Wolfgang Gruener in Products on August 09

Google has quietly abandoned the idea of hiding the location bar to gain more pixel space for web content.

The removal of the web address from the browser window may have been a bit too much, even for Google. The company said that it has canceled the project and the flag “Compact Navigation” as well as the menu tab menu option were removed on July 26. While Google disabled the hidden switch to enable compact navigation as well, the code of the feature itself remains in Chrome. The only way for users to access this feature would be a developer version or nightly build of the browser that was published prior to July 26.

Chrome Compact Navigation

Chrome Compact Navigation

In a discussion thread comment, Google said that “the Compact Nav prototype was meant to be a way for [Google] to try out a new form factor rather than be a permanent redesign.
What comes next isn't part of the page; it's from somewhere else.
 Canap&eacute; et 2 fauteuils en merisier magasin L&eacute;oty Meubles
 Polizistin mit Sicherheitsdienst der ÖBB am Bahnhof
We don’t think that this is the optimal direction to take Chrome’s UI, so the experiment has ended and we’re removing the prototype.”

The radical approach to trim the UI by removing the URL and the location bar from the browser interface sparked heated discussions. The idea was to give the browser a much more app-centric appearance, which, however, would have had massive impact on smaller websites and how they market themselves. It is surprising that Google aggressively removed the feature and did not even leave users an option to hide the location bar. Given Google’s interest to promote Chrome as an essential tool that is binding users to its search and advertising service, this may have been a scary scenario for Google.

We first noticed Google’s ideas to kill the location bar back in February and the feature surfaced in Chrome in May. We actually liked the idea to make the feature to show the URL optional and there appeared to be a clear trend toward this feature as even Mozilla followed up with a similar add-on for Firefox.